Informal Community Development
By Stephanie Mancini, Good Work News, December 1999
We met Jim Lotz at a conference at the Marguerite Centre in Pembroke, Ontario in
February. Paul Schwarzentruber, the director of this centre for retreat and
reflection, operated by the Grey Sisters, hosted a conference there on
community development. Jim Lotz was a keynote speaker. He has studied and
written about community development in Canada. He is a great promoter of
writing and telling stories of community development and he wrote the story of
his trip from Halifax to Pembroke to Montreal.
Lotz weaves a story of his trip, the experience of being involved in community
development and some of the overall lessons of community development work in
Canada. The Working Centre’s experiences are mentioned in this report. I’ve
quoted from this report below, and the full text can be obtained from The
Working Centre or from Jim Lotz directly. “Community development works at the
place where structure and anti-structure meet, in liminal spaces where people
come together to meet informally. In such places, people can determine ways of
becoming participants in personal and community development – not bystanders or
victims of the dreams and schemes of others.”

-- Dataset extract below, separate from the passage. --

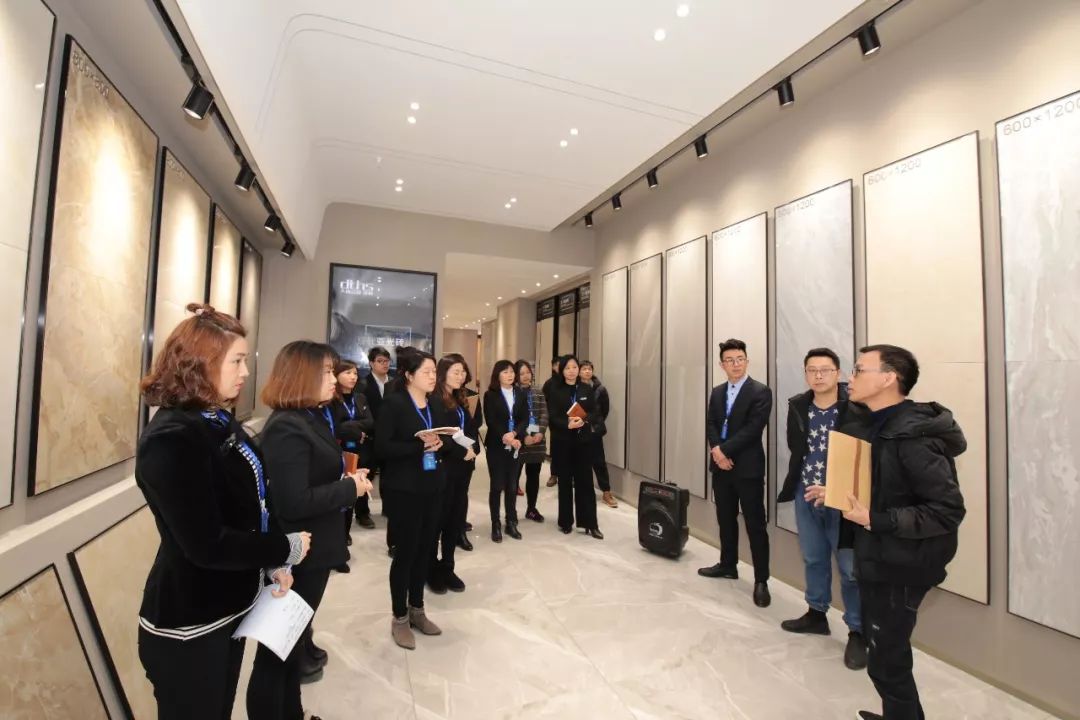 18 大唐合盛瓷磚揚州旗艦店員工風采展示.jpg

The Working Centre’s experience has been that formal and informal structures
meet around concrete resources (or access to tools as we wrote about in the
last issue of Good Work News). This concept of resources stands in
sharp contrast to the ideas of providing services or programs that primarily
offer formal structures without allowing for unstructured space and
relationship building.
The word “resource” springs from the Latin word resurge, to rise again. A
resource is defined as a source of supply, support, or aid; the collective
wealth of a country or its means of producing wealth. Both of these definitions
offer insights into a model of resources that can be used over and over again
to aid the collective well-being of the community.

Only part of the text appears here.